What makes the movie funny is that Lugo and his buddies, in this specific aspect mostly Paul Doyle, played by The Rock have the mentality of children. I mean it. If it weren't for the torture and violence their lines sound like they could be coming out of 12 year-olds. And that's what's so hilarious.

These guys think they're criminal masterminds when they are children, no, worse than children because children have the excuse of being children.

The story progresses about how you would expect but again what makes it is how self-delusional every character is. I said that the movie feels like it has something to say and that's more or less it. "Deserve ain't got nothin' to do with it"

The American Dream is A LIE! The pursuit of it is what makes these guys the idiotas they are while we the audience get to sit back and laugh knowing that there is no way these guys, these guys, THESE GUYS are smart enough to get away with this.

At the big show down we all know ends these types of movies it's clear, the movie isn't making some big statement about morality and how crime doesn't pay, but rather pointing a finger and pulling a Nelson Muntz that they were stupid enough to think they were smart enough to make the plan work in the first place.

And well.
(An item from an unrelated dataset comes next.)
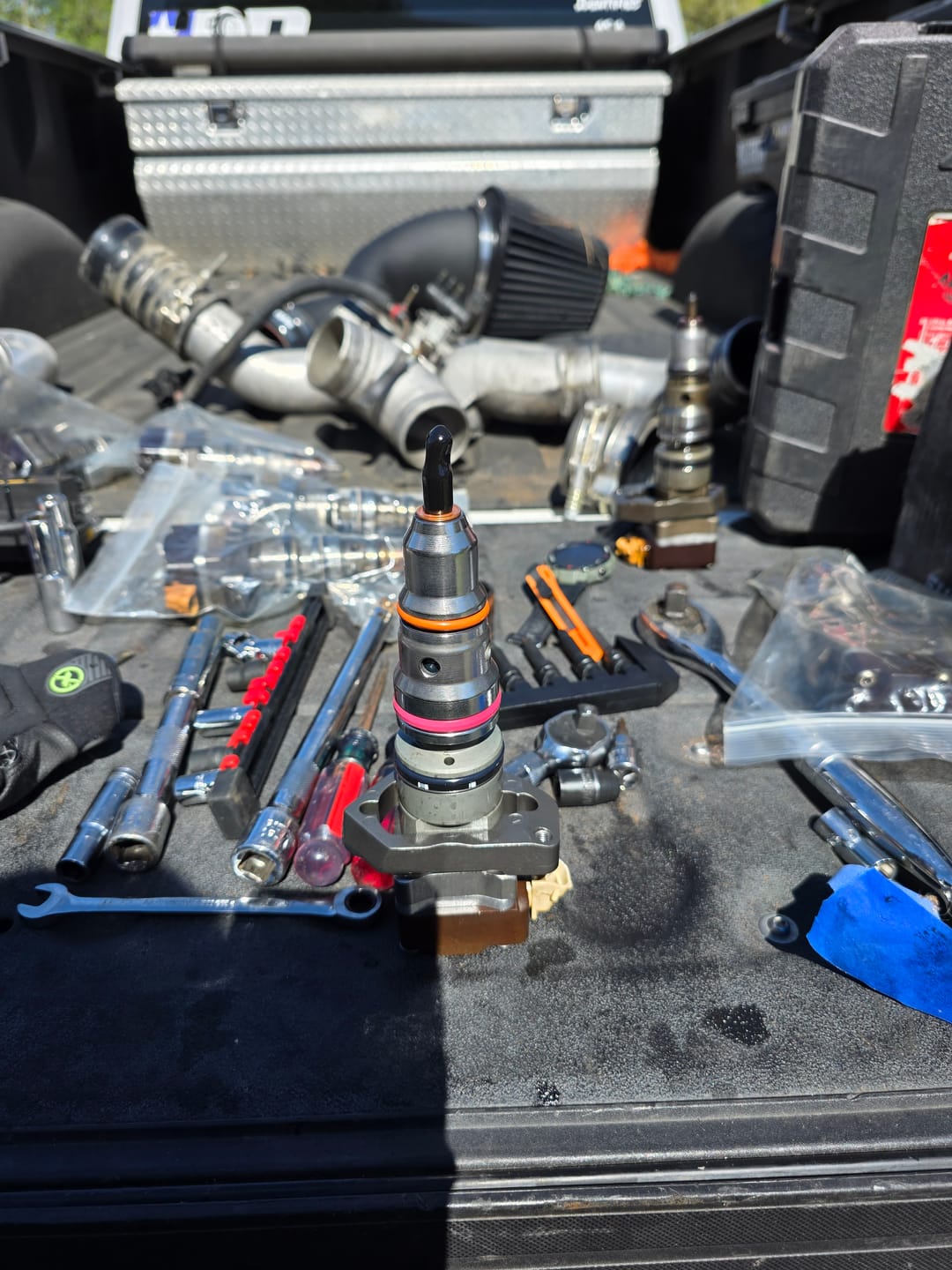 Customer photo review of Full Force Stage 3 Injectors 205CC/30%/80% 475HP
I'm not half the nice guy I pretend to be.



I'm an evil evil man. And as long as no real harm comes from it, i.e. fiction, I love laughing at the stupid.  And these guys are brilliantly stupid. It takes real brains to write characters who are this dumb and feel authentically dumb. While the movie is based on a true story Bay did what he wanted. Still it feels like somewhere down the line he was infuriated by somebody who thinks this way or by people constantly telling him, he thinks this way.

This isn't your normal heist gone wrong movie, where some unforeseeable detail causes the plan to collapse on itself, and you feel bad for the guys who are in too deep and know it.
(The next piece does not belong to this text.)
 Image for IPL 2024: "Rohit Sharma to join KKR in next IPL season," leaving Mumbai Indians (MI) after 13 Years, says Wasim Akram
Lugo has drunken so much of the Kool-aid he think's it's champagne and the characters around him are so stupid they wants some of the Cris too. And these aren't poor unfortunate souls duped by him sooo.

Schadenfreude biiach!

What potentially makes the movie profound his how these guys are stupid. Again there is some subtlety there because nobody goes to Bay movie for critiques on society. Get that shit outta here.
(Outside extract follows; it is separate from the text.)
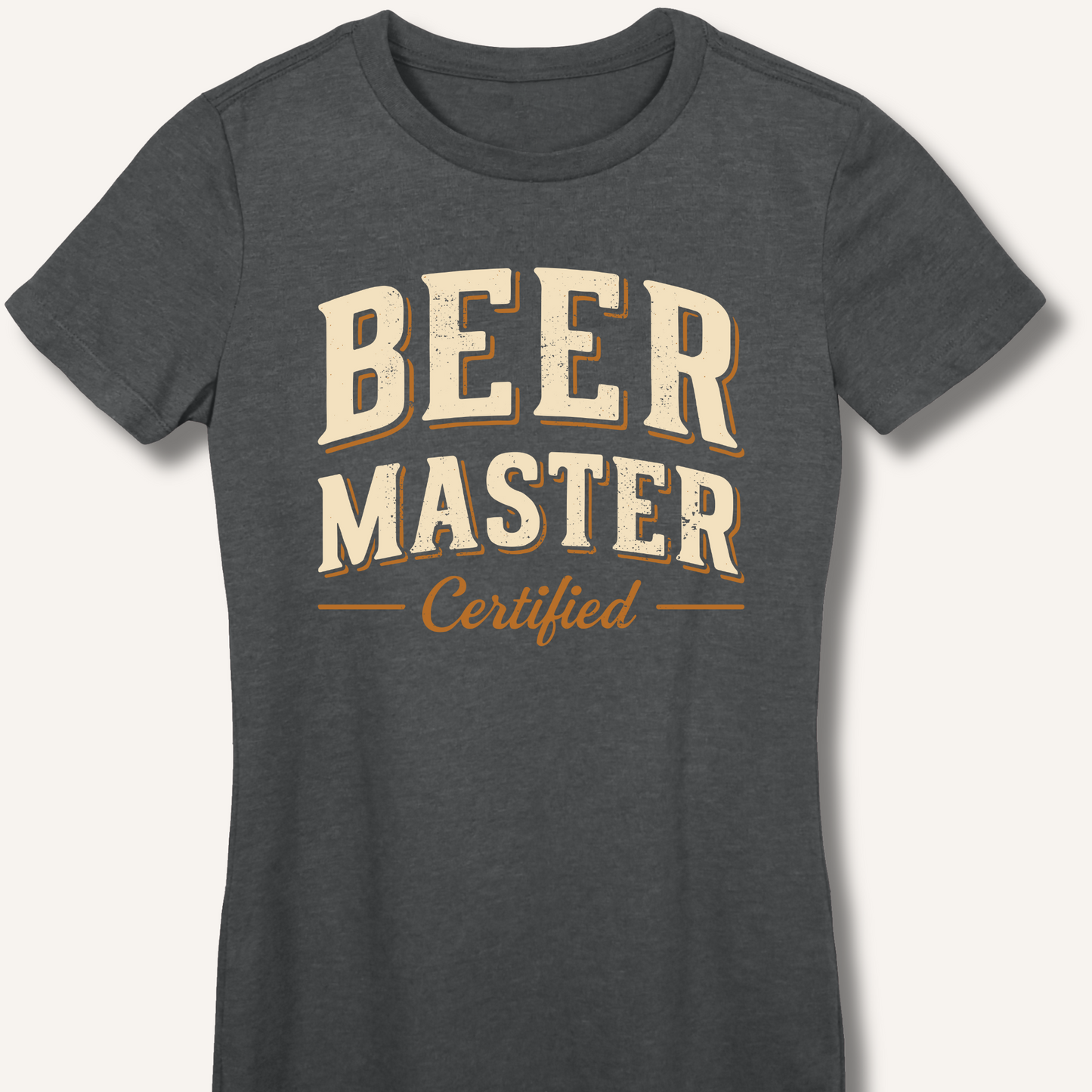 Beer Master Fitted T-Shirt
But the characters all ignore the obvious because they're overly concerned about masculinity, patriotism, and Christianity. All of which are meaningless social constructs especially, as interpreted by these dumb-asses.

What's really interesting on rewatches is the acting on Mark Wahlberg's part. Most movies like this hint that deep down the guy doesn't believe any of it and is only desperately clinging to the faith in order to keep his entire belief system afloat.

Nope not Lugo. He believes. Everything. Unshakably. You almost have to admire the little bugger... if it weren't for the upside down torture. And the car. Oh my god the car. If I read the movie wrong and there is some sort of sign that god hates these guys and wants to see them fail miserably. The car.

Wahlberg never breaks. Never falters. Lugo is Lugo and damn is he entertaining.